Der Grünen-Kandidat Fritz Kuhn hat sein Programm für die OB-Wahl vorgestellt. Er will auf ökologische Innovation setzen und Stuttgart 21 der Bahn auf die Finger sehen. Seine Stimmen will er nicht nur von Grünen-Wählern gewinnen.

Stuttgart - Als dritter aussichtsreicher Bewerber für den Chefsessel im Stuttgarter Rathaus hat der Grünen-Politiker Fritz Kuhn am Dienstag vor einem breiten Publikum seine Vorstellungen für die Zukunft der Landeshauptstadt skizziert. Im Bürgerhaus West warb Kuhn für sein politisches Programm, mit dem er durchaus nicht nur auf die grüne Stammwählerklientel abzielt, sondern auch Stimmen aus dem bürgerlichen Lager und aus den Reihen der Sozialdemokraten gewinnen will. Und natürlich hat der Bewerber auch die moderaten Stuttgart-21-Gegner im Blick, denen er Transparenz, Kontrolle und ein klares Nein zu möglichen weiteren Mehrkosten beim Bahnprojekt zusichert. Kritik übte der Kandidat am fehlenden Brandschutzkonzept für S 21 sowie an der Arbeit des Kommunikationsbüros: „Das ist eher ein Desinformationsbüro.“

 

„Feinstaubbelastung nicht tolerieren“

In der Wirtschaft setzt Kuhn auf ökologische Modernisierung und die Entwicklung ressourcenschonender Produkte. „Wirtschaftlich erfolgreich sein kann man nur, wenn man die Ökologie beachtet“, so sein Credo. Er will Stuttgart zu einem führenden Forschungs- und Entwicklungstandort für Umwelttechnik machen.

In der Verkehrspolitik verspricht der Bundestagsabgeordnete, sich als Rathauschef für den schnellen Ausbau des Radwegenetzes, eine Ausdehnung der Parkraumbewirtschaftung sowie für ein differenziertes Tempolimit-Konzept einzusetzen. Zudem soll der ÖPNV hinsichtlich der Tarifgestaltung, Vertaktung und Ausdehnung der Nachtfahrzeiten verbessert werden. Beim Thema Feinstaub lehnt sich der Grüne weit aus dem Fenster: „Ich werde als OB die hohe Feinstaubbelastung nicht länger tolerieren.“ Dazu will er etwa mit den größten Arbeitgebern der Stadt darüber reden, wie sich der beruflich bedingte Autoverkehr vermeiden ließe.
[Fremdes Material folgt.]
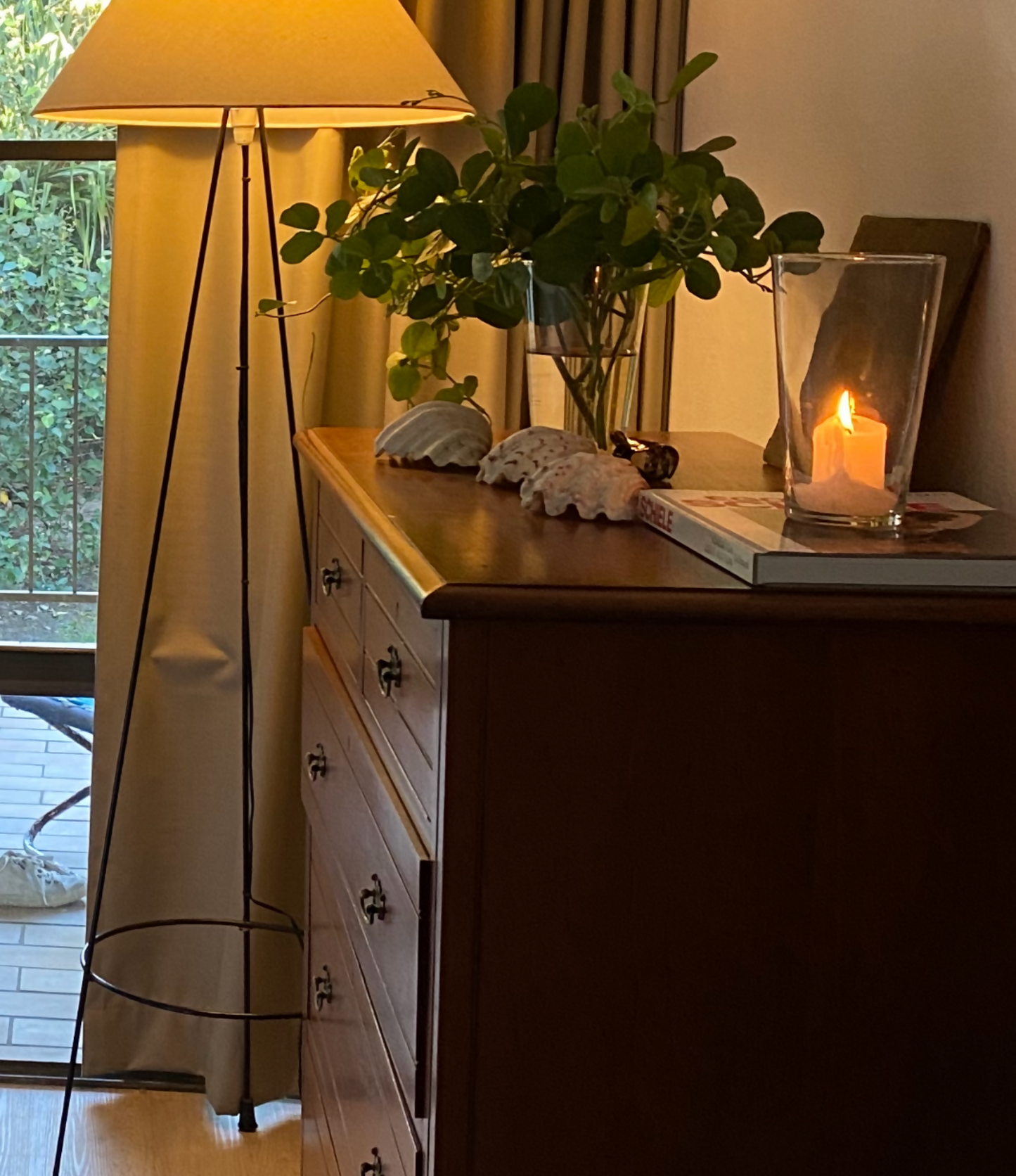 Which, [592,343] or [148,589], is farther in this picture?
[148,589]

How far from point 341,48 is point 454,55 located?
0.67 meters

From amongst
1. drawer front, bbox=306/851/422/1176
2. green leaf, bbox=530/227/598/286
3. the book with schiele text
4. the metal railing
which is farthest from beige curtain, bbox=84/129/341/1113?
the book with schiele text

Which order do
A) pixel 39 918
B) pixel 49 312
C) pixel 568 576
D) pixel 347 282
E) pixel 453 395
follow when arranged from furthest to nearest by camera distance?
pixel 39 918
pixel 49 312
pixel 453 395
pixel 347 282
pixel 568 576

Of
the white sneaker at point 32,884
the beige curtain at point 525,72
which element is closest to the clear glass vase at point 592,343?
the beige curtain at point 525,72

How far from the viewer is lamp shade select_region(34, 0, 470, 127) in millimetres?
1638

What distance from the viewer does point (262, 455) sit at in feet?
7.87

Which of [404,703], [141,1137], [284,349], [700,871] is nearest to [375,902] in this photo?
[404,703]

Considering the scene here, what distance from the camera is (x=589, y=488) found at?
1.14 metres

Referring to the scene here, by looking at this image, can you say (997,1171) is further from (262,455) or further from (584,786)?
(262,455)

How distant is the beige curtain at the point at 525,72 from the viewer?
88.9 inches

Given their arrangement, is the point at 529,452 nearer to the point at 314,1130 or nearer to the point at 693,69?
the point at 693,69

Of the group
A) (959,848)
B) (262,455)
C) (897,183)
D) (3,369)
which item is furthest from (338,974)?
(3,369)

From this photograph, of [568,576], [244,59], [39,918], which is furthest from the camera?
[39,918]

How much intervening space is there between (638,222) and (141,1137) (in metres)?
1.84
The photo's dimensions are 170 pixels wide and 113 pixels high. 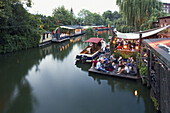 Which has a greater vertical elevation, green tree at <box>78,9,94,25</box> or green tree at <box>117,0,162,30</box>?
green tree at <box>78,9,94,25</box>

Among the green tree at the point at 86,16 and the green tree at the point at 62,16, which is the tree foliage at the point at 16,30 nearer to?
the green tree at the point at 62,16

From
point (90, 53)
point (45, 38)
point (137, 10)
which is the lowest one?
point (90, 53)

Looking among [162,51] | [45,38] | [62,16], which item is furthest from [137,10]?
[62,16]

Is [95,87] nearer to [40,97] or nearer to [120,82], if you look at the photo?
[120,82]

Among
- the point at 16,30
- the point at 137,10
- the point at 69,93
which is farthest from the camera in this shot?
the point at 16,30

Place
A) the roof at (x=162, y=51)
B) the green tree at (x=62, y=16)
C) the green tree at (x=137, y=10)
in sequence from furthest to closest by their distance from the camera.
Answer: the green tree at (x=62, y=16)
the green tree at (x=137, y=10)
the roof at (x=162, y=51)

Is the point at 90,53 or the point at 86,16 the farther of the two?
the point at 86,16

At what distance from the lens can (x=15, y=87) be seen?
413 inches

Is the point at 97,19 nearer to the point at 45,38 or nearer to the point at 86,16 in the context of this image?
the point at 86,16

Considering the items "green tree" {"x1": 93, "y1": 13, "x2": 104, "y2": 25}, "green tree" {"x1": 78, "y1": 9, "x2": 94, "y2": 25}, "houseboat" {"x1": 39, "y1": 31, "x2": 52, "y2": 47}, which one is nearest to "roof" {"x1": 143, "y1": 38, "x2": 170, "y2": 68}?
"houseboat" {"x1": 39, "y1": 31, "x2": 52, "y2": 47}

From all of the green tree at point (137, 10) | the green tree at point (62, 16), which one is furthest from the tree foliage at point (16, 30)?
the green tree at point (62, 16)

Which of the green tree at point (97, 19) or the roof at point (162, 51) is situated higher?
the green tree at point (97, 19)

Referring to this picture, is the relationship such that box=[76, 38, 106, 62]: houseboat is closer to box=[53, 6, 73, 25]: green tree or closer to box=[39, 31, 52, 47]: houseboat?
box=[39, 31, 52, 47]: houseboat

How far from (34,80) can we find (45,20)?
33.0 m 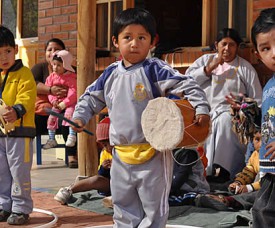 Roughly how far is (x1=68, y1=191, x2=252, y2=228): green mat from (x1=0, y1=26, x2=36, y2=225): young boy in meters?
0.63

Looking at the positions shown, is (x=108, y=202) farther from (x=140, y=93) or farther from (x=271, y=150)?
(x=271, y=150)

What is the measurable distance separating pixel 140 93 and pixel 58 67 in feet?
13.1

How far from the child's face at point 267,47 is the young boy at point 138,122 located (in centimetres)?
55

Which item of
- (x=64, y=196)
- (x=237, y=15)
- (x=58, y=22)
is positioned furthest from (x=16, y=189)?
(x=58, y=22)

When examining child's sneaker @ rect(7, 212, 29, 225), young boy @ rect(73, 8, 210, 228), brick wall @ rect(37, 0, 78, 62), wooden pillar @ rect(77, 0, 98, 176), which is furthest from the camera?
brick wall @ rect(37, 0, 78, 62)

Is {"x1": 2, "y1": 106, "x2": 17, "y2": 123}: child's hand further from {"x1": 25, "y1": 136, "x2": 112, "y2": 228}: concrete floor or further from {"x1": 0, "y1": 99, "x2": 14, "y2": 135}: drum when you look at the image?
{"x1": 25, "y1": 136, "x2": 112, "y2": 228}: concrete floor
Energiewender auf kommunaler Ebene

Vorantreiben will Kuhn auch die Energiewende auf kommunaler Ebene: Neue Wohnviertel wie der geplante Neckarpark sollen nach den modernsten Ökostandards errichtet werden. Kuhn: „Das heißt, sie sollen künftig mehr Energie produzieren, als sie selbst verbrauchen.“ In zehn Jahren soll Stuttgart nach seinen Plänen weder Atomstrom noch Energie aus neuen Kohlekraftwerken mehr verbrauchen müssen. Beim Thema Bildung und Erziehung strebt Kuhn eine Verlängerung der Öffnungszeiten in Kindertagesstätten an. Er will dafür zusätzliche Erzieher einstellen. Um für sie einen Ausgleich für die hohen Lebenshaltungskosten zu schaffen, fordert Kuhn eine Diskussion über einen „Hauptstadtzuschlag“ aus städtischen Mitteln.
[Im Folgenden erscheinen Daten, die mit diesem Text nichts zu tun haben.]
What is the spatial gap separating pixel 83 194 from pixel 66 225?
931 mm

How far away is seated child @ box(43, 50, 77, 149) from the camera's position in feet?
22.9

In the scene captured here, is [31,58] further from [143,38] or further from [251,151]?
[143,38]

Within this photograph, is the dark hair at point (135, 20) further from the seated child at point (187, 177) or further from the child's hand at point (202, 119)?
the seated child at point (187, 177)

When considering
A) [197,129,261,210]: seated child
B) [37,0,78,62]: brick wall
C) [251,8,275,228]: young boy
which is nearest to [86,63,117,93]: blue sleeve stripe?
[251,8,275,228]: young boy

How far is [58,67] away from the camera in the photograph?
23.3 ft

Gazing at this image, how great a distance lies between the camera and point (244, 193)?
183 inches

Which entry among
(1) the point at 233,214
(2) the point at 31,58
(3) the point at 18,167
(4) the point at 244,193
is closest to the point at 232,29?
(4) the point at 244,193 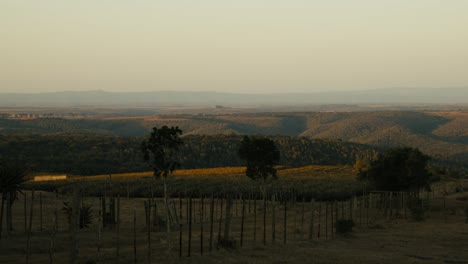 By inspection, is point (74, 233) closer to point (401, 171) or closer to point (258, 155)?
point (258, 155)

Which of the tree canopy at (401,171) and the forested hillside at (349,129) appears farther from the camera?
the forested hillside at (349,129)

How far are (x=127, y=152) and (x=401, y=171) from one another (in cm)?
5650

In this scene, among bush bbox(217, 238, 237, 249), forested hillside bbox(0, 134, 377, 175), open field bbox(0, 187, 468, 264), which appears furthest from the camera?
forested hillside bbox(0, 134, 377, 175)

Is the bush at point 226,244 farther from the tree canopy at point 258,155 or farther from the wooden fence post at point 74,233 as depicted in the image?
the tree canopy at point 258,155

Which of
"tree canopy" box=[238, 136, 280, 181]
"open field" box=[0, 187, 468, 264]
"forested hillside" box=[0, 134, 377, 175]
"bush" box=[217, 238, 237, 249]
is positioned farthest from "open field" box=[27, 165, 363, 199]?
"bush" box=[217, 238, 237, 249]

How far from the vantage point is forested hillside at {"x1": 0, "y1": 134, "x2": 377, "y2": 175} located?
83188 mm

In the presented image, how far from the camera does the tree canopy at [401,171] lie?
45.8m

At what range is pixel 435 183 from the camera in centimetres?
6594

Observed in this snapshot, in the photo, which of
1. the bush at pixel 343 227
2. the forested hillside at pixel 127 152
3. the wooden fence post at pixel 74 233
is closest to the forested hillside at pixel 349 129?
the forested hillside at pixel 127 152

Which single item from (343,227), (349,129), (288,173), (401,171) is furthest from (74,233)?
(349,129)

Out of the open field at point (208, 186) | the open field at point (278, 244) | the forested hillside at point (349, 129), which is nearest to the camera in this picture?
the open field at point (278, 244)

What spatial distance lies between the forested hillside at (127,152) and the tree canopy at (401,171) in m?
42.8

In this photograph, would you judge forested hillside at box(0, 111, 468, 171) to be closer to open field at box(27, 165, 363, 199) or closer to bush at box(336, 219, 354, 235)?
open field at box(27, 165, 363, 199)

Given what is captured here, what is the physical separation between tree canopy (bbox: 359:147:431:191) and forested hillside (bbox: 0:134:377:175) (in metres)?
42.8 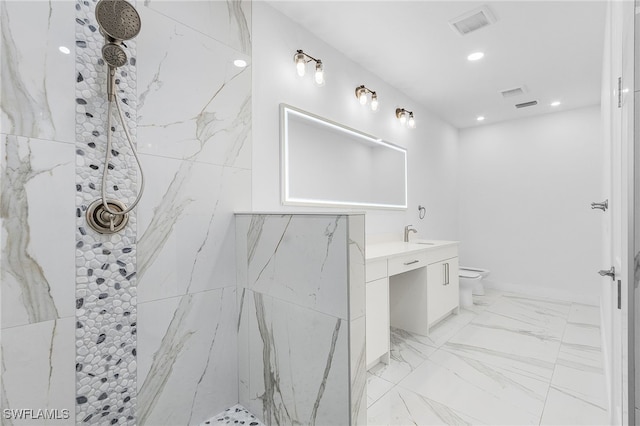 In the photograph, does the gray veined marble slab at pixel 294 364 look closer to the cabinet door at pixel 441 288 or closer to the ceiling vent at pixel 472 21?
the cabinet door at pixel 441 288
Kuhn will mehr bezahlbare Wohnungen

Auch städtebaulich muss sich nach Kuhns Vorstellungen vieles ändern: Bauen im öffentlichen Interesse und nicht im Interesse von Investoren lautet seine Maxime. Einkaufszentren habe die Stadt genug, die Priorität müsse nun auf den Bau bezahlbarer Wohnungen gelegt werden. Der Anteil an Sozialwohnungen für die Bezieher niedriger Einkommen müsse deutlich gesteigert werden. Zur Stadtentwicklung gehört für ihn auch, die Stadt an den Neckar heranzuführen und den Fluss wieder erlebbar zu machen. „Alle Städte, die das gemacht haben, haben spürbar an Lebensqualität zugelegt“, so Kuhn. Er bescheinigte der Landeshauptstadt, seit der Ära des CDU-OB Manfred Rommel eine liberale Integrationspolitik betrieben zu haben, die es fortzusetzen gelte. Sollte er zum OB gewählt werden, will sich der studierte Sprachwissenschaftler dafür einsetzen, die Sprachförderung für Kinder ausländischer Abstammung weiter auszubauen.